Rok 2015
był pierwszym pełnym rokiem działalności bloga obyksiążka, dlatego warto w
krótkim chociaż słowie przedstawić, co w tym czasie się zadziało. Na szczęście
nie zakładałem sobie żadnych planów czytelniczych dotyczących ilości
przeczytanych książek, bo bardzo by mnie to ograniczało, a jak już na spokojnie
mogę stwierdzić, na pewno bym ich nie zrealizował. Zresztą, czytanie ma być
przyjemnością, a nie zmuszaniem do przyjemności. Wszak za moim ulubionym
powiedzeniem „jak mi się zachce” w minionym roku zachciało mi się tak...
Pojawiło się 28 wpisów, w tym 2
gościnne i 15 o przeczytanych przeze mnie tytułach. Reszta była opisami filmów
lub bieżących wydarzeń. Niestety im bliżej końca roku tym częstotliwość
pojawiania się postów drastycznie zmalała. Niestety dla bloga, stety dla mnie,
gdyż to oznacza, że rzadziej uciekałem w wyimaginowany powieściarski świat.
Oczywiście nasilający się brak czasu oraz dawkowanie tego wolnego, który mi
pozostał nie sprawił, że książki stały mi się czymś obcym. Często coś, co jest
mniej dostępne staje się bardziej pożądane.
W tym roku również, co warte
zauważenia częściej sięgałem po książki polskich autorów. I oczywiście
przekonałem się, że niczym nie odbiegają od nazwisk ze światowego topu.
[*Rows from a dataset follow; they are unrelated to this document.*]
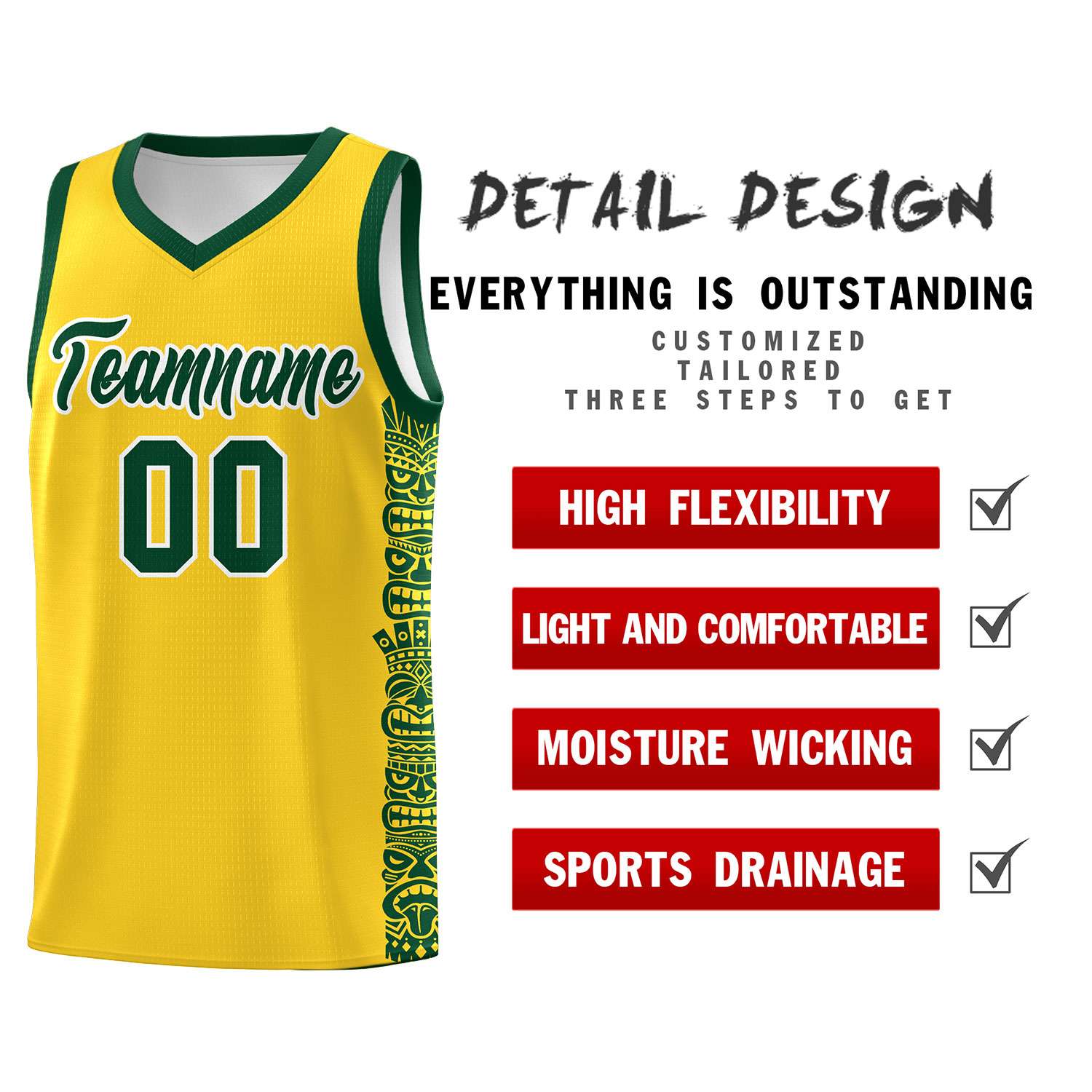 Custom Gold Gold Personalized Indians Pattern Kits Sports Uniform Basketball Jersey|KXKSHOP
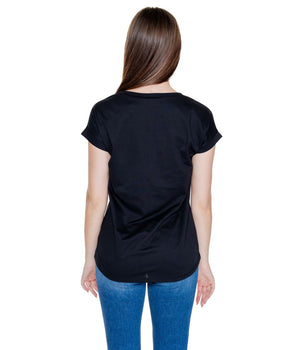 Vila Clothes Black Cotton T-Shirt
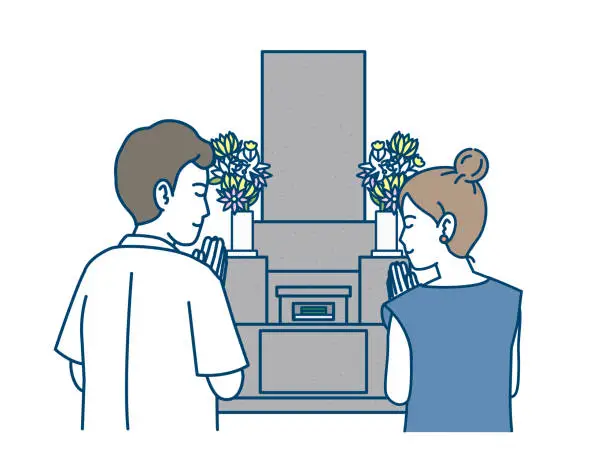 Vector illustration of Couple visiting a grave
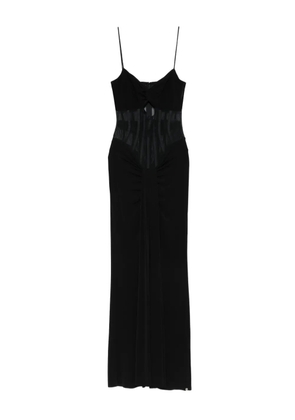 NISSA twist-front sheer-insert maxi dress - Black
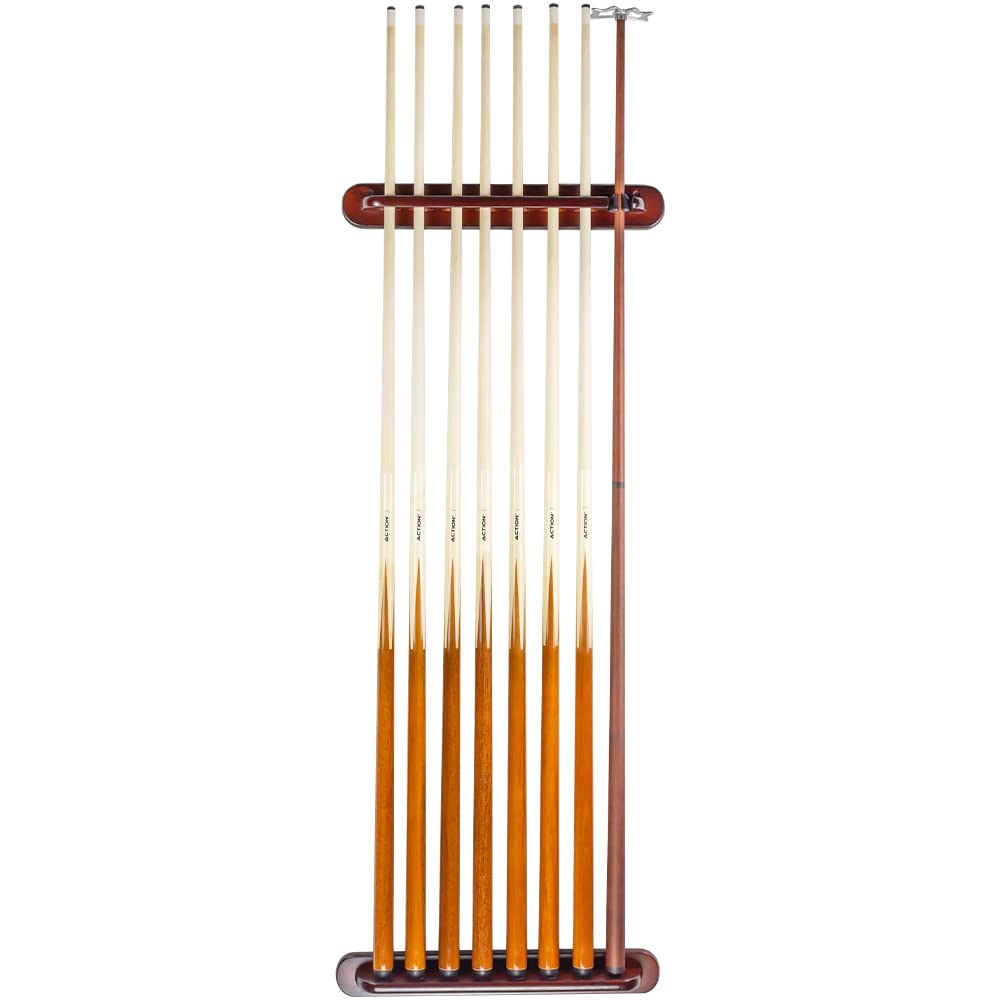 7-Piece Stained Wood Pool Cue Wall Rack with Secure Clip - Perfect for Billiards Room, Game Room, or Man Cave Decor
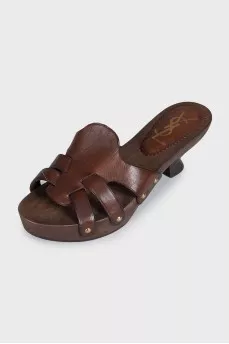 Brown leather mules with wooden soles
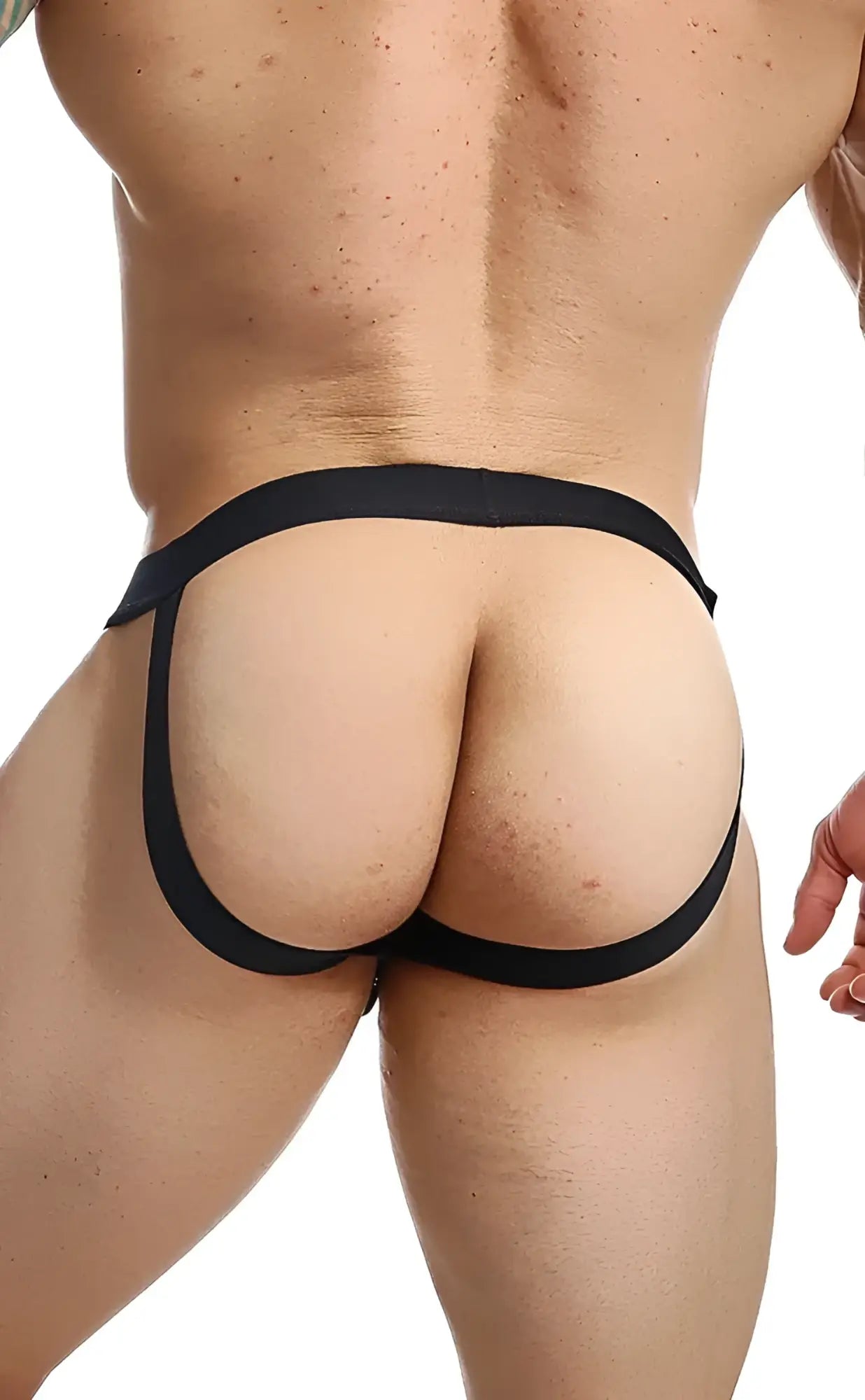 Black mob fisherman jock high-waisted briefs with sleek minimalist design in form-fitting stretch fabric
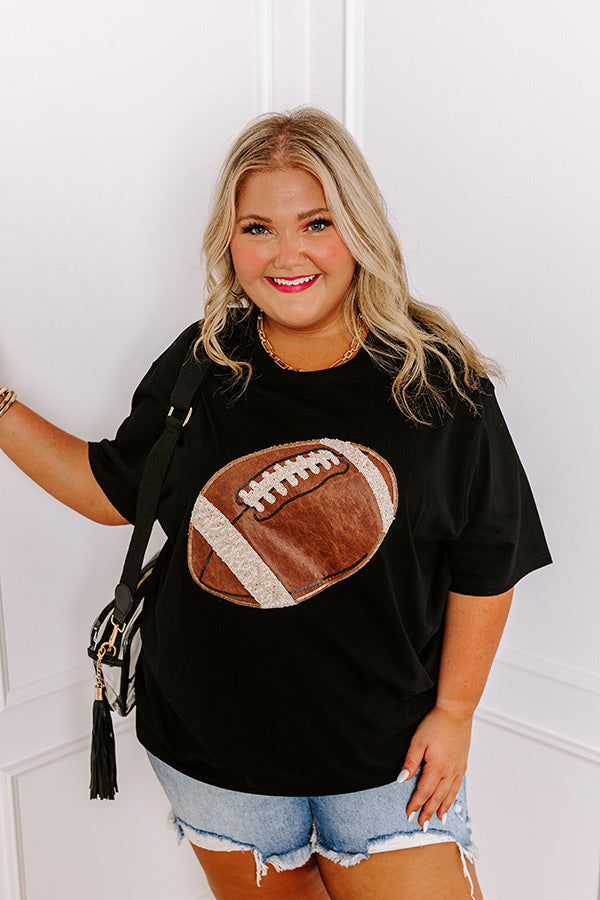 Premium Kickoff Cutie Embroidered Oversized Tee - Black Curves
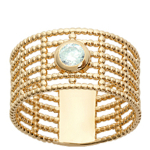 Bague Plaqu&eacute; Or 'D&eacute;esse' blanc dor&eacute; - 11 mm 56 kuld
Tym razem nie stworzę rankingu
najlepszych dla mnie pozycji, natomiast mogę nadmienić o ciut lepszych
dziełach. Bardzo miło wspominam trylogię „Greya” E.L. James, przerażający i
nadziejo - twórczy opis niszczenia samego siebie w „Ocalonym” Andrzeja Sowy, a
z chęcią wróciłbym do wielkiego świata biznesu z „Diablicy z Wall Street” Erin
Duffy lub do rozwiązywania detektywistycznej zagadki, jak w świetnym „Wołaniu
kukułki” Roberta Galbraitha.
Dlatego rok 2016 zaczynam od
kryminałów, a otrzymałem je aż 3.
Rok 2015 z całą stanowczością
zaliczam do udanych i z nową energią podejmuję walkę w 2016!
Książka nie zastąpi życia, ale
miło je ubogaca. Tak więc OBYKSIĄŻKA!